**MATERIAL TO PROCESS:**
╔══

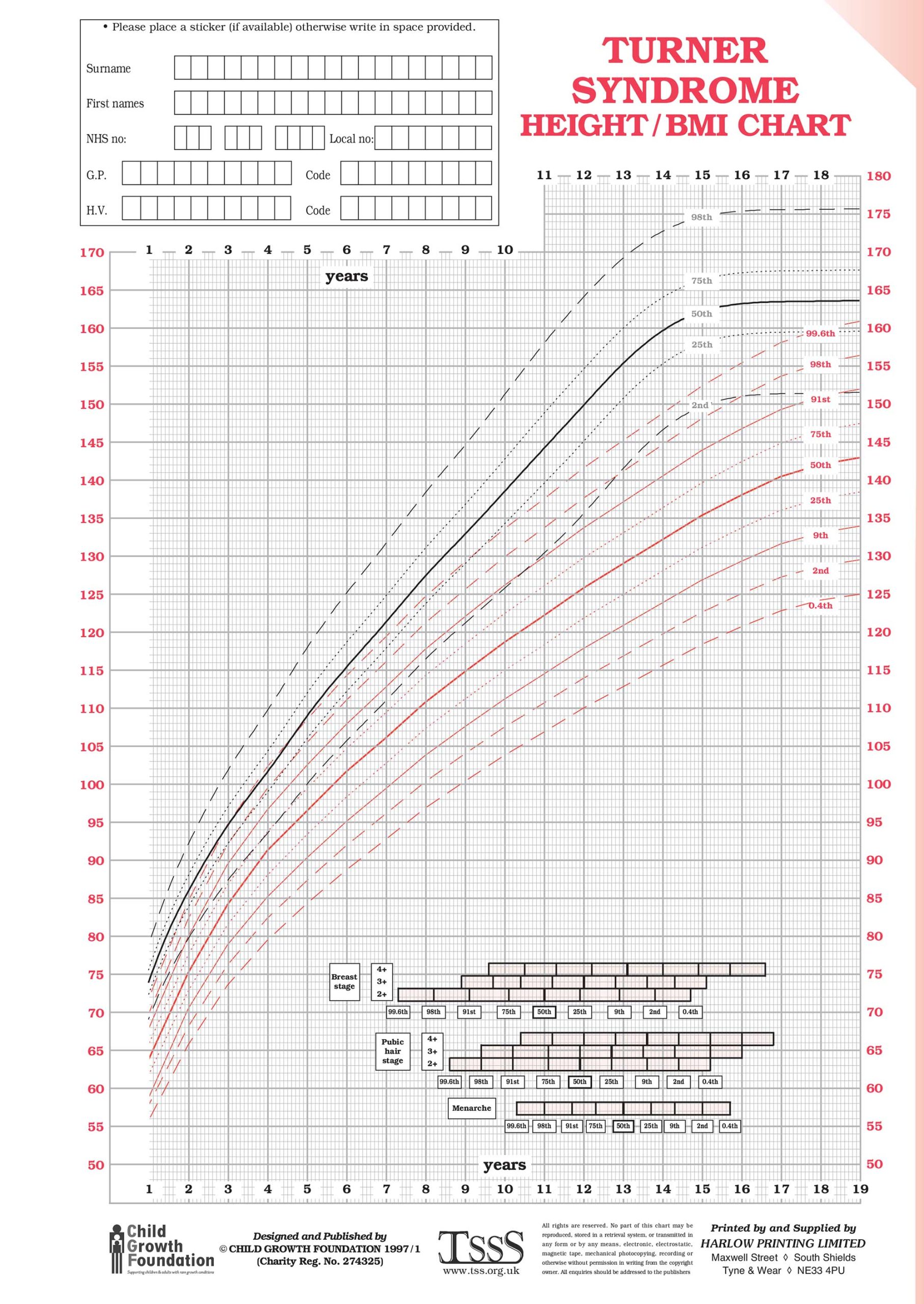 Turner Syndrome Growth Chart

╚══
╔══

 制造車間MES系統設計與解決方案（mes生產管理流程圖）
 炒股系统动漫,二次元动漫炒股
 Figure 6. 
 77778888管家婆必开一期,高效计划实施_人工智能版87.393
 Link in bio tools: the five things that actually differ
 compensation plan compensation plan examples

╚══

**TO DO:**
Give back, word for word, only the lines above from the line holding "炒股系统动漫,二次元动漫炒股" to the line holding "compensation plan compensation plan examples", both included.

**EXERCISE OUTPUT:**
 炒股系统动漫,二次元动漫炒股
 Figure 6. 
 77778888管家婆必开一期,高效计划实施_人工智能版87.393
 Link in bio tools: the five things that actually differ
 compensation plan compensation plan examples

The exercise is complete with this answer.